Les algorithmes prédictifs au Ministère de la Justice britannique : entre promesses et dangers

Le Ministère de la Justice (MoJ) du Royaume-Uni utilise des outils algorithmiques pour « prédire » le risque de récidive ou même de commission d’infractions graves, tels que les meurtres. Toutefois, ces systèmes soulèvent des questions majeures quant à leur fiabilité et à la perpétuation des biais structurels existants.

**Des outils de prédiction controversés**

Depuis 2001, le MoJ déploie un outil appelé Offender Assessment System (OASys) qui évalue le risque de récidive des détenus grâce à des techniques d’apprentissage machine. Ces évaluations influencent des décisions importantes, telles que la détention, la libération conditionnelle, ou l’accès à des programmes de réhabilitation. En une semaine de janvier 2025, près de 9 420 évaluations ont été réalisées, alimentant une base de données contenant plus de sept millions de profils.

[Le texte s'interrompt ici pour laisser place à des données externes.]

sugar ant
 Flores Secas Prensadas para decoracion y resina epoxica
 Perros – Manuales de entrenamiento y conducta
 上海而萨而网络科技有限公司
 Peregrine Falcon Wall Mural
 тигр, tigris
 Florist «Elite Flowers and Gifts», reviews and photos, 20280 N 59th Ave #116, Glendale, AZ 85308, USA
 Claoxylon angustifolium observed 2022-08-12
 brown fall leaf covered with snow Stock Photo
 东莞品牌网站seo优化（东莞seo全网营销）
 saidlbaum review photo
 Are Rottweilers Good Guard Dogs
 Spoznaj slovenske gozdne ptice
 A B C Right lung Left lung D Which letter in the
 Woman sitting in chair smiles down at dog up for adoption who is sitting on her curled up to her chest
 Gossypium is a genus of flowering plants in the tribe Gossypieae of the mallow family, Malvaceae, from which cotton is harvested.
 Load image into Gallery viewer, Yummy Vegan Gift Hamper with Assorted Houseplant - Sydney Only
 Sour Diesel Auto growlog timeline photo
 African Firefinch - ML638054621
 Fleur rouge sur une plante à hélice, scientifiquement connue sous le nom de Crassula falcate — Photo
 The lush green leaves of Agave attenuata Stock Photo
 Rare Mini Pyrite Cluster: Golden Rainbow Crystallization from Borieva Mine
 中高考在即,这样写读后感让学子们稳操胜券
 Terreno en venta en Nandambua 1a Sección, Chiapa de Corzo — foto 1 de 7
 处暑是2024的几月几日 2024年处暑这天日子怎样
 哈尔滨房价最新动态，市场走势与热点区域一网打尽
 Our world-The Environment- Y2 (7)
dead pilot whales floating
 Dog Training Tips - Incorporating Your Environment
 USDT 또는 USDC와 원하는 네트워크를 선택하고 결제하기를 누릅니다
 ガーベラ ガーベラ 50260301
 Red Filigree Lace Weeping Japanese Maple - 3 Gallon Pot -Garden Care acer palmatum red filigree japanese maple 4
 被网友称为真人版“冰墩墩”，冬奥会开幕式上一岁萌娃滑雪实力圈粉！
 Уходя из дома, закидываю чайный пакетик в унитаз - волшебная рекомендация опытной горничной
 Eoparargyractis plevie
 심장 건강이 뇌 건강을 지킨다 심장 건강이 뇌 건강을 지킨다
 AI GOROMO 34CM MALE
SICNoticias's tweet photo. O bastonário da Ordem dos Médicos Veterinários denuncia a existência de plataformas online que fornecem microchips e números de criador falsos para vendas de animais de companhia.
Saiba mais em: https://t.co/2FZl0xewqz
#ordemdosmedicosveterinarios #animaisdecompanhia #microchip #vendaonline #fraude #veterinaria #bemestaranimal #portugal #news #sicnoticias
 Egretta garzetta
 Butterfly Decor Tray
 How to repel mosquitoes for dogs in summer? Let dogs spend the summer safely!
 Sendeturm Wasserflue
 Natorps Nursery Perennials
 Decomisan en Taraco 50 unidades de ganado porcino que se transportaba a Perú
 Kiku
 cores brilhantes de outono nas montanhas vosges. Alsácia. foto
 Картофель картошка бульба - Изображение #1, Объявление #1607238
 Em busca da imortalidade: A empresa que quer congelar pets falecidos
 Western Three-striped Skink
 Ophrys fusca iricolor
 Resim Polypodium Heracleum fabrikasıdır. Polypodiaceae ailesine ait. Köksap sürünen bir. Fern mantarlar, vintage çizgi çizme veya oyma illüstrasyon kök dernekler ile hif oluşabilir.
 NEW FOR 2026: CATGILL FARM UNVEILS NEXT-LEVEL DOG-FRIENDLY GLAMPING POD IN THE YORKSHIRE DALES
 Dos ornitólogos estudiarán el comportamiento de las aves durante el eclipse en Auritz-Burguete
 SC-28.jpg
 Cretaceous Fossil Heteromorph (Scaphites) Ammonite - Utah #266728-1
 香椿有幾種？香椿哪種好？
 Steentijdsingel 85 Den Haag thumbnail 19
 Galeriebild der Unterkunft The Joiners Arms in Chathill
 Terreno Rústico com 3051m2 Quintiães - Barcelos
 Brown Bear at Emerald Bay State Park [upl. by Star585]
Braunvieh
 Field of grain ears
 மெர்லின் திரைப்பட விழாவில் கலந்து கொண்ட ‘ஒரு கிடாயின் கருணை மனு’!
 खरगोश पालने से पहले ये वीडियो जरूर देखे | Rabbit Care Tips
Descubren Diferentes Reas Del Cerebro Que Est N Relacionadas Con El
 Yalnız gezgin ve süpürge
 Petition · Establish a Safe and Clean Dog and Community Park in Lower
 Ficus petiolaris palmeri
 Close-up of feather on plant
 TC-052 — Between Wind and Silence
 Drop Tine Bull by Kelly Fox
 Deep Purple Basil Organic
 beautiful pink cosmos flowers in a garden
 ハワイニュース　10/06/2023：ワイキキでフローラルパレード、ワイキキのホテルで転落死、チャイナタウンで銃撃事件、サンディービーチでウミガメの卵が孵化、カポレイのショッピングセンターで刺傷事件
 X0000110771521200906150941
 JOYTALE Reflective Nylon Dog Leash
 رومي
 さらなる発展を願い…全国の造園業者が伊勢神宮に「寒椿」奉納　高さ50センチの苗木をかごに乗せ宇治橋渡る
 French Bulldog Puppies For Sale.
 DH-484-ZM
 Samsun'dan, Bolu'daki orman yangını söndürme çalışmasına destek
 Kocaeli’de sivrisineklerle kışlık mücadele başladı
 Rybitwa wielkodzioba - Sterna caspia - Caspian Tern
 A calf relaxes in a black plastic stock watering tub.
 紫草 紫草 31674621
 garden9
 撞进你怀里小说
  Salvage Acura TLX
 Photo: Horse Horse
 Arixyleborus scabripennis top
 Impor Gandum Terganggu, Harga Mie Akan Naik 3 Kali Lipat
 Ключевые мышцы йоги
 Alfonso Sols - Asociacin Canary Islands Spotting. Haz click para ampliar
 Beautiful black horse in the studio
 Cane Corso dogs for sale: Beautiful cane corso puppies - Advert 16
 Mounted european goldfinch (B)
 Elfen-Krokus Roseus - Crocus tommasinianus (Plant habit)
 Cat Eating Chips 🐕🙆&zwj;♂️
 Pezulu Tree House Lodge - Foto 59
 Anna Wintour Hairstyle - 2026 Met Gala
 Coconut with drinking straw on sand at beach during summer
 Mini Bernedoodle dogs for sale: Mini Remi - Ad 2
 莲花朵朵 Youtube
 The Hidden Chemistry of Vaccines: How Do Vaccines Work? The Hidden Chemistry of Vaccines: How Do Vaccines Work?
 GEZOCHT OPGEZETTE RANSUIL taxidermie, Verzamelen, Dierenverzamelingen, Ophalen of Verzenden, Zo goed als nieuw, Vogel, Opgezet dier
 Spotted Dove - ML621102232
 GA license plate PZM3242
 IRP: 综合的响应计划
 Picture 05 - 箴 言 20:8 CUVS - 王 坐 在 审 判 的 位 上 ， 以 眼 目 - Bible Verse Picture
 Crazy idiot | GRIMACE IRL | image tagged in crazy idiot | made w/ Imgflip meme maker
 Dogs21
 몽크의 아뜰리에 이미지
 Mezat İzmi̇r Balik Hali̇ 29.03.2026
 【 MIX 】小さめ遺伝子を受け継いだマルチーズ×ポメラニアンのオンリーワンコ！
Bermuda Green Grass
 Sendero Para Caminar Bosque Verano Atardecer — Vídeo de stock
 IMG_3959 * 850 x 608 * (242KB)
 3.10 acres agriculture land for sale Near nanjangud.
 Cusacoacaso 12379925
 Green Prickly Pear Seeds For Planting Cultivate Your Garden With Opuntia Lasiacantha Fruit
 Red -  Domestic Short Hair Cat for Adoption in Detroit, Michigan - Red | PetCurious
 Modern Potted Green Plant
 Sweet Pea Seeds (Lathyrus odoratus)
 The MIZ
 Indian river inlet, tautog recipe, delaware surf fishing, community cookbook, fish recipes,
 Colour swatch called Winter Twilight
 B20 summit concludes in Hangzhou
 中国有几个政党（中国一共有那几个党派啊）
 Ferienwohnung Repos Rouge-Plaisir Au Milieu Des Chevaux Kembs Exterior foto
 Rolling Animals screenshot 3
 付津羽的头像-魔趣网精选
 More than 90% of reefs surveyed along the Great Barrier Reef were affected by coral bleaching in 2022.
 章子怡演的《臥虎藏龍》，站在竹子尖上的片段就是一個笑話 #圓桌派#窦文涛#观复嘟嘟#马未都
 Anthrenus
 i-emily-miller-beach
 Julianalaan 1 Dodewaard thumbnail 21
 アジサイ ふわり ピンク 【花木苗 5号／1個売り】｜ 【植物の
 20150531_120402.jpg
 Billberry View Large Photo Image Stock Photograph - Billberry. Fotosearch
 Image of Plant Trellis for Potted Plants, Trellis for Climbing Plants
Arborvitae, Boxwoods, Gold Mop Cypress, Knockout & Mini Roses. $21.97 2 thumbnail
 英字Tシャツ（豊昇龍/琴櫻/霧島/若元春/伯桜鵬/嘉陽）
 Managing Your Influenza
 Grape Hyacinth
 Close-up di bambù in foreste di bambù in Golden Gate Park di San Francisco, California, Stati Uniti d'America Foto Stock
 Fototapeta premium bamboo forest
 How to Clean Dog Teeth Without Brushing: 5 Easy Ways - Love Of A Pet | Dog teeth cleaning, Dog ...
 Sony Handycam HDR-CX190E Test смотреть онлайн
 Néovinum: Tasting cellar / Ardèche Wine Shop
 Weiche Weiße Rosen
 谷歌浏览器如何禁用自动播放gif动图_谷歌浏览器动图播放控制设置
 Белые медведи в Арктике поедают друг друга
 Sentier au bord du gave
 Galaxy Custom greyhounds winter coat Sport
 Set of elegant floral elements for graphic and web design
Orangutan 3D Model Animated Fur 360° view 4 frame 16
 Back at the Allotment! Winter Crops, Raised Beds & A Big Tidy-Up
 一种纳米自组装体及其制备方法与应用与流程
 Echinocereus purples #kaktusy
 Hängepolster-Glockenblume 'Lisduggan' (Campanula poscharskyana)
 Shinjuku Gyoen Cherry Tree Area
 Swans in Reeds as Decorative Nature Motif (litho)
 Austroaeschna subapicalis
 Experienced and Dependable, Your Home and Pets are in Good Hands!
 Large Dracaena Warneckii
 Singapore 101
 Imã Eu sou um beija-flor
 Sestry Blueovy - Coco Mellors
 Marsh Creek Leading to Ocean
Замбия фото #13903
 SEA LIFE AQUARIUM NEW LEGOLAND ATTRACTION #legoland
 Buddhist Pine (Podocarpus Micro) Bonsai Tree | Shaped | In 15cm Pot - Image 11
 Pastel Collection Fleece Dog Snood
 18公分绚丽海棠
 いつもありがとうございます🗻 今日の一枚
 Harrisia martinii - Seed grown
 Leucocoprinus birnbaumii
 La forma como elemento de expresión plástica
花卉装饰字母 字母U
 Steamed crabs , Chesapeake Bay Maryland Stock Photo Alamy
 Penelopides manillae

Un second outil en cours de développement ambitionne d’identifier les personnes susceptibles de commettre un meurtre, en croisant diverses sources de données, y compris des informations sensibles telles que la santé mentale ou les antécédents personnels.

**Les risques de biais et de discrimination**

Critiques et défenseurs des droits alertent sur le fait que ces systèmes reposent sur des données historiques issues d’organismes souvent accusés de biais institutionnels, comme la police. En conséquence, les communautés racisées ou défavorisées, historiquement sur-policiées, apparaissent comme plus à risque, ce qui crée un cercle vicieux d’algorithmes renforçant une sur-surveillance et une discrimination existantes.

Une évaluation officielle de 2015 a souligné que les scores de risque d’OASys sont moins précis pour les personnes racisées, notamment les individus de descendance noire ou métisse. Ces biais peuvent avoir des conséquences graves, amplifiées par la difficulté de contester ou corriger les données erronées dans les dossiers.

**Un dialogue ouvert avec le Ministère de la Justice**

Interrogé sur ces problématiques, le MoJ reconnaît que ces outils sont en constante amélioration et insiste sur les protocoles de vérification pour garantir leur intégrité. Le ministère affirme également que l’ethnicité n’est pas utilisée comme facteur direct dans les prédictions et que des recours existent, notamment via le Prison and Probation Ombudsman.

Concernant le nouvel outil de prédiction des meurtres, le MoJ souligne que le projet est à un stade de recherche et que ses conclusions pourraient influencer des travaux futurs, mais aucune mise en œuvre opérationnelle n’est prévue pour le moment.

**Vers de nouveaux systèmes numériques**

La transition vers un nouveau système nommé ARNS est en cours, avec un prototype testé depuis fin 2024 et un déploiement national prévu en 2026. Ce développement interne vise à moderniser les évaluations de risque en s’appuyant sur une meilleure technologie.

Toutefois, des voix critiques, telles que l’organisation Statewatch, réclament l’arrêt de ces projets de prédiction, arguant que les solutions technologiques ne sauraient remplacer un investissement accru dans les services sociaux et la lutte contre les inégalités structurelles.

**En conclusion**

Les algorithmes de prédiction de la criminalité apparaissent comme un outil potentiellement puissant pour améliorer la gestion des risques, mais ils restent entachés de biais profonds et de limites sérieuses. Leur utilisation doit être accompagnée d’une transparence rigoureuse, d’une vigilance sur les discriminations et d’un dialogue avec les parties concernées afin de concilier innovation et justice sociale.